*Exercise requirements*
Starting with the line that contains "164-B BRADFORD CT, Mount Laurel, NJ 08054" and ending with the last line of the entries, repeat exactly those lines and nothing else, pictures excluded.

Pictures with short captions
---
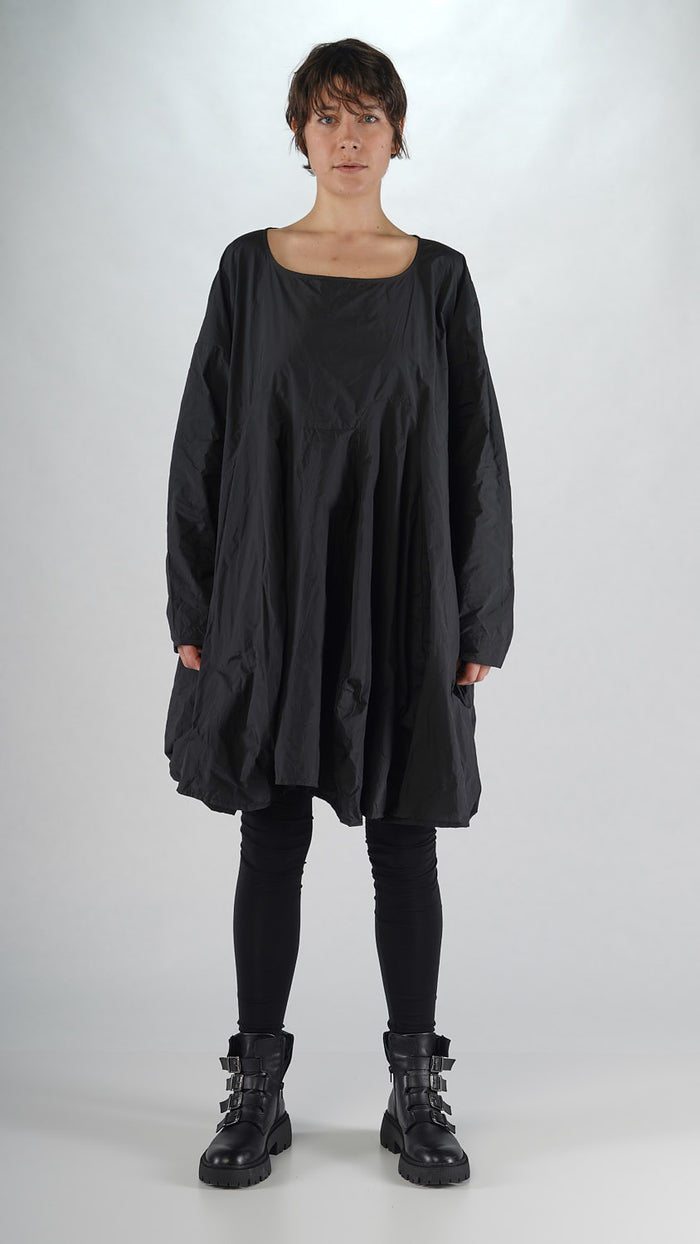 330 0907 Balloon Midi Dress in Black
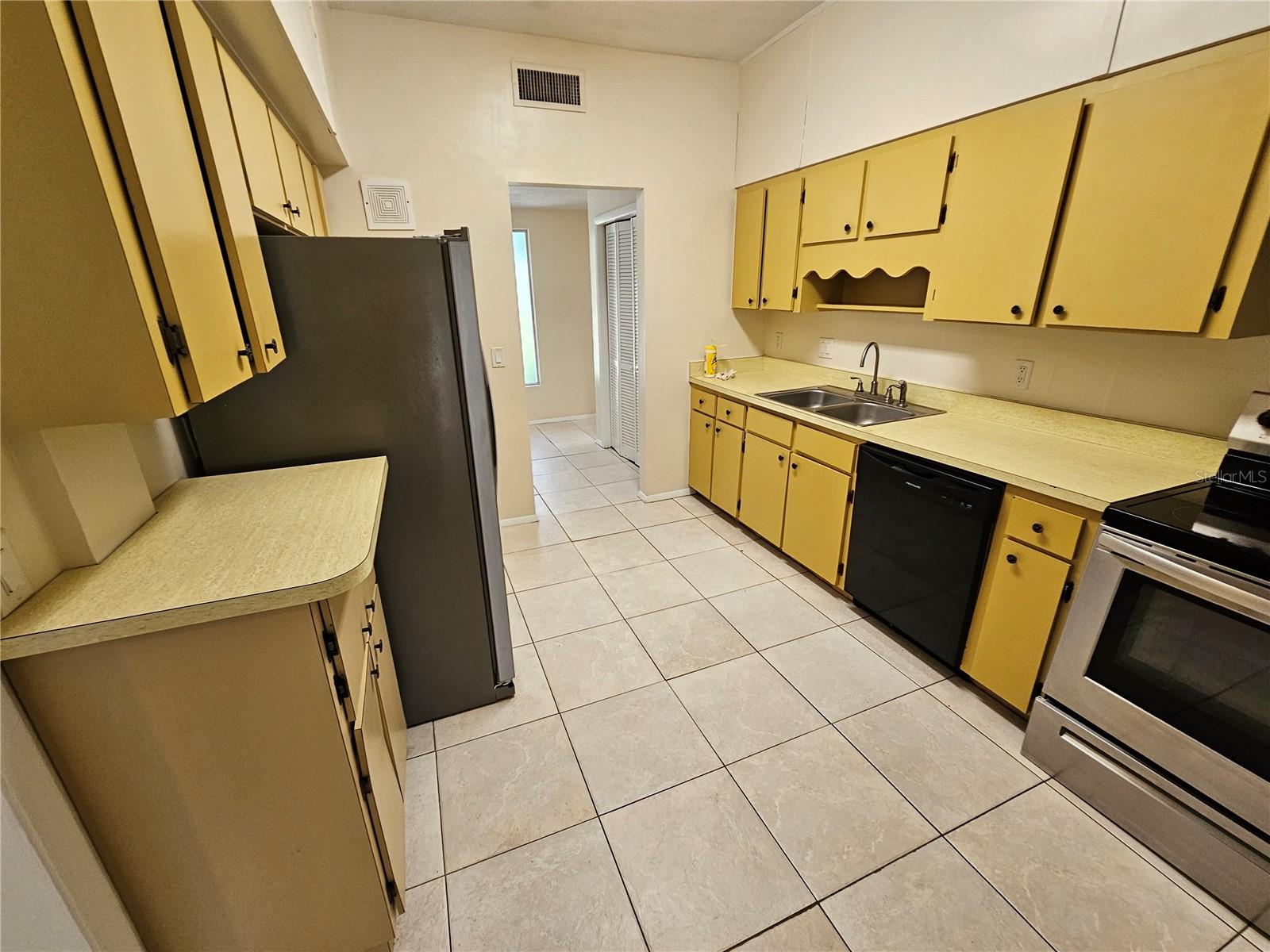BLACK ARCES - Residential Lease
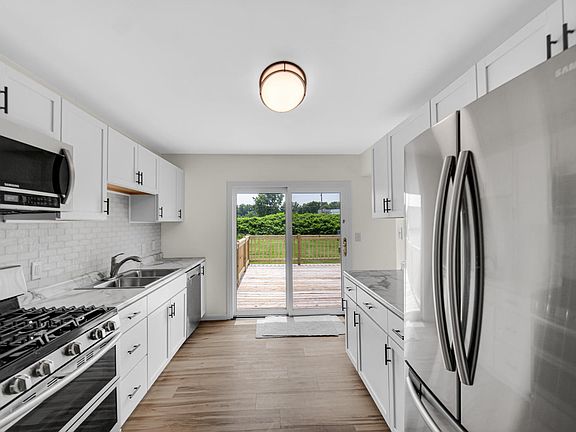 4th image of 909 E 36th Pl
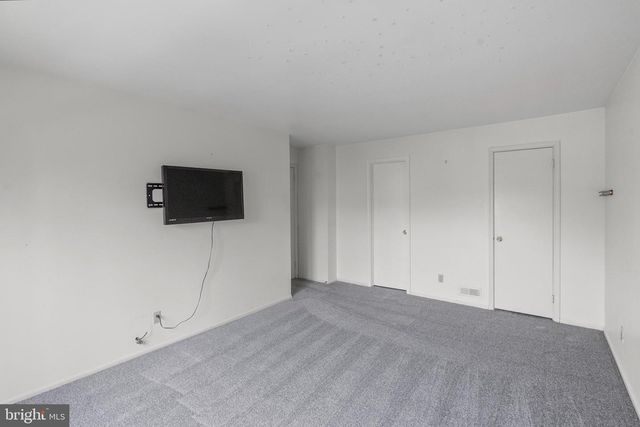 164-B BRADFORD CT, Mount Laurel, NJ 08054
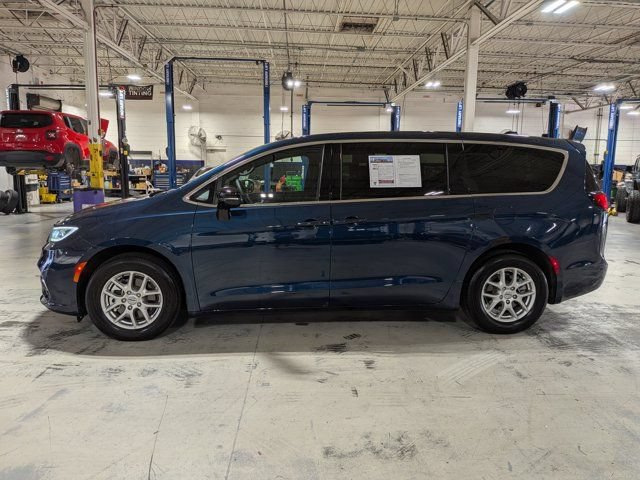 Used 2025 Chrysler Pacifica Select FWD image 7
---
*Exercise solution*
 164-B BRADFORD CT, Mount Laurel, NJ 08054
 Used 2025 Chrysler Pacifica Select FWD image 7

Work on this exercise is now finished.